### Problem statement
Your answer should be the lines below from the one with "Wolfsburg, Germania. 22" to the one with "3 bed Terraced for sale Image 6", both included, given again exactly and with nothing added.

### Provided entries
++++++++++

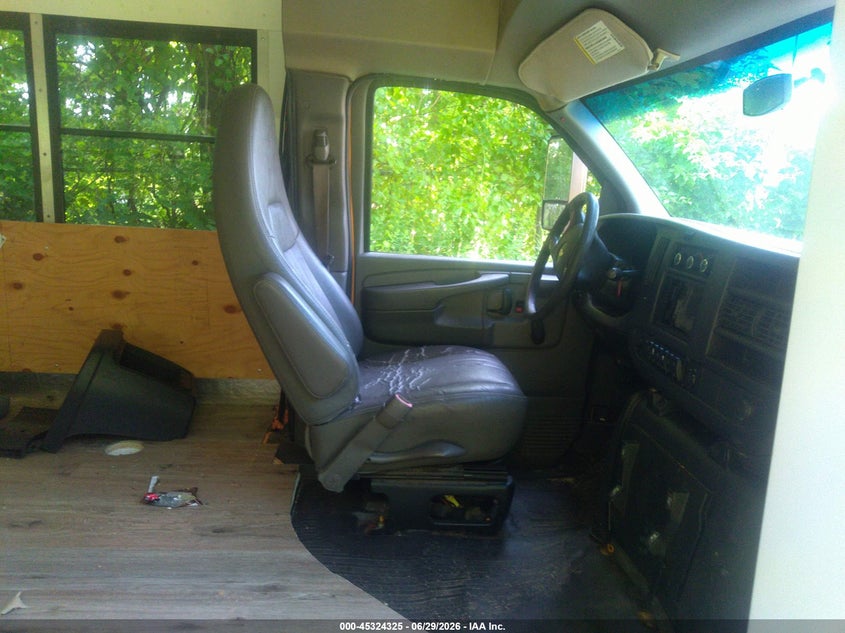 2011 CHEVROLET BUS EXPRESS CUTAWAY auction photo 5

++++++++++

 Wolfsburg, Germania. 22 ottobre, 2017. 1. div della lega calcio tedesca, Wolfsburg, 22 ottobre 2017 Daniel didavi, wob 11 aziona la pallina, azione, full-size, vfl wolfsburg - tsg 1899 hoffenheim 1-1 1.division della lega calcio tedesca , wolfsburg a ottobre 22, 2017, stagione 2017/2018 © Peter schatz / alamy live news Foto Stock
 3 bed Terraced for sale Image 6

++++++++++

### Finished task
 Wolfsburg, Germania. 22 ottobre, 2017. 1. div della lega calcio tedesca, Wolfsburg, 22 ottobre 2017 Daniel didavi, wob 11 aziona la pallina, azione, full-size, vfl wolfsburg - tsg 1899 hoffenheim 1-1 1.division della lega calcio tedesca , wolfsburg a ottobre 22, 2017, stagione 2017/2018 © Peter schatz / alamy live news Foto Stock
 3 bed Terraced for sale Image 6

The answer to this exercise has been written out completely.